Finalmente sappiamo come Facebook userà i dati degli utenti Instagram. Dal 16 gennaio prossimo, infatti, entreranno in vigore le nuove condizioni di utilizzo di Instagram e le nuove politiche sulla privacy . Lo ha reso noto ieri il popolare social network sul suo blog.  Arriverà la pubblicità? Come vi avevamo già annunciato, la risposta è sì e i protagonisti potreste essere proprio voi.

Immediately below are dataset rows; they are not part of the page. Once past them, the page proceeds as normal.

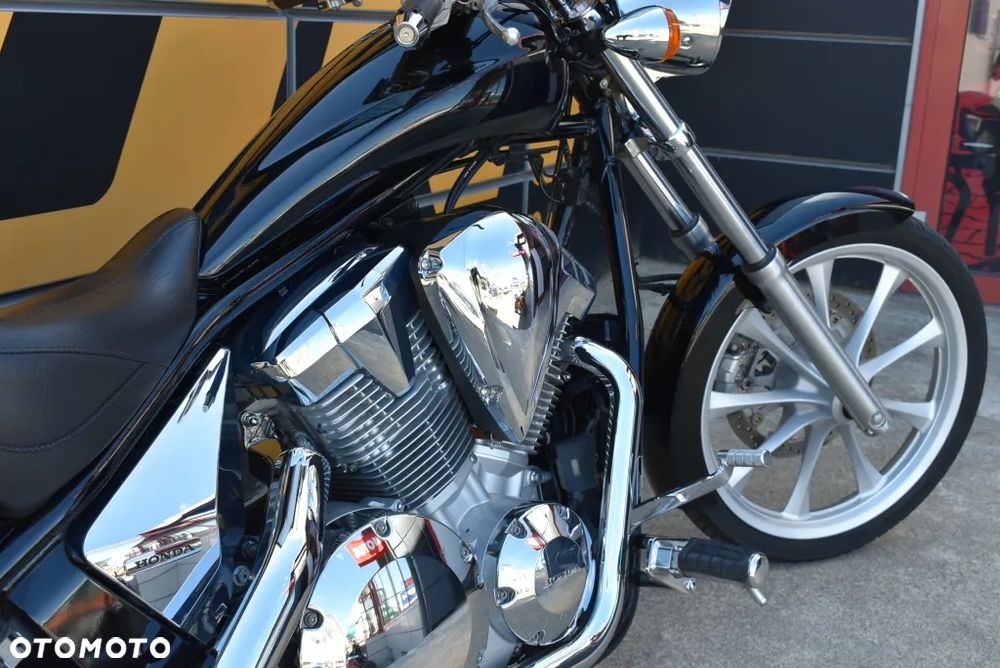 Honda VTX - 27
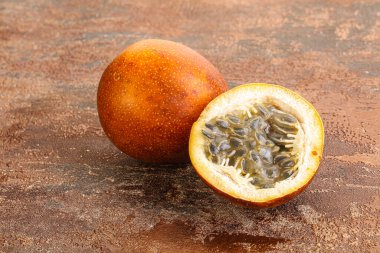 Dilimlenmiş tropik tatlı ve sulu Tutku meyvesi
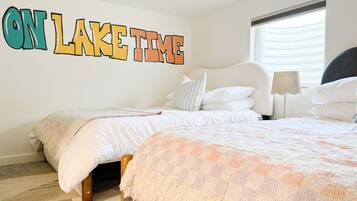 4 chambres, bureau, fer et planche à repasser, lit parapluie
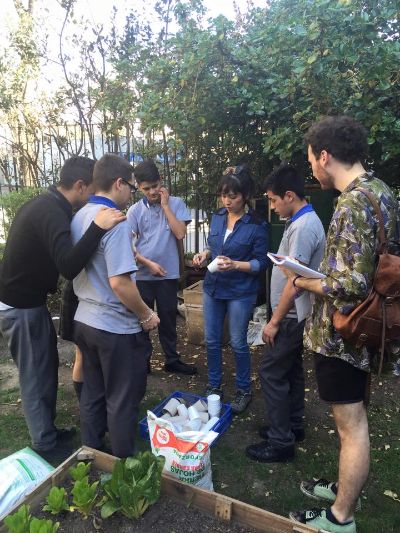 Taller Huerto y construcción de ecoladrillos en FEN - Liceo Mariano Latorre.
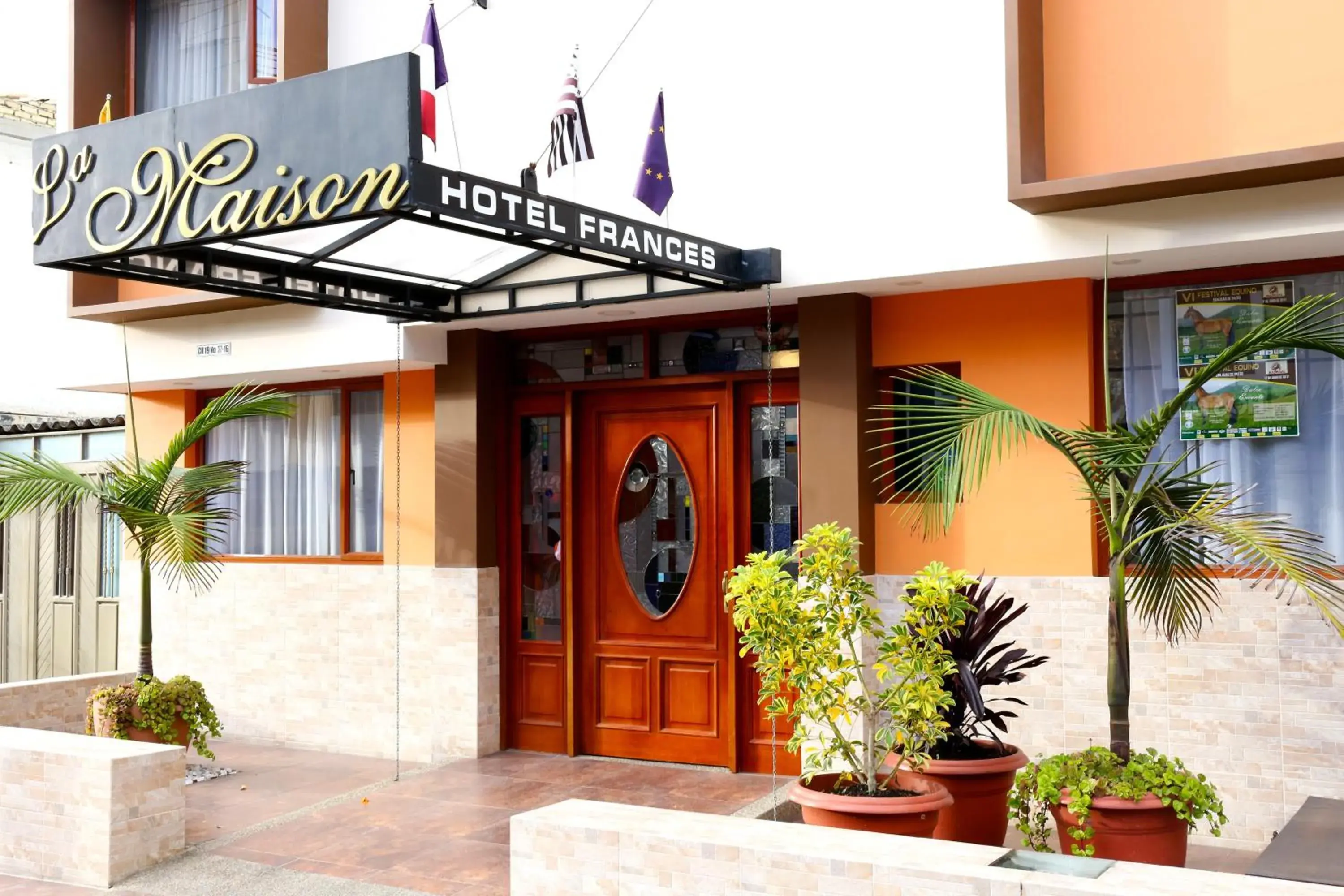 Facade/entrance in Hotel Francés La Maison Facade/entrance in Hotel Francés La Maison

Punto uno. Instagram potrà condividere i dati dei suoi utenti con Facebook, ma anche con affiliati e advertiser.La giustificazione è stata questa: essendo Instagram parte di Facebook, si doveva facilitare la condivisione delle informazioni.

Punto due. Instagram potrà inoltre usare le foto degli utenti e la loro identità negli annunci pubblicitari su Facebook. In poche parole Instagram venderebbe a terzi l’identità dei suoi utenti: immagini, username, e tutti i metadati associati, come la posizione e i like, ovviamente gli utenti accettano che non saranno pagati per questo.

E se qualcuno vi riconoscesse su un annuncio pubblicitario in cui siete finiti a vostra insaputa? Marc Rotenberg, direttore esecutivo dell’Elettronic Privacy Information Center di Washington ha dichiarato che questo comportamento potrebbe essere illegale e sta indagando in merito.

Facebook, già ora suggerisce ai vostri amici prodotti e servizi sui quali avete espresso parere positivo, usando la vostra faccia come testimonial di un dato brand senza che voi ne siate completamente consapevoli, pensate cosa succederebbe se usasse la vostra faccia o le vostre immagini per spingere i vostri amici a comprare questo o quell’altro prodotto. Direi che è decisamente un comportamento poco carino.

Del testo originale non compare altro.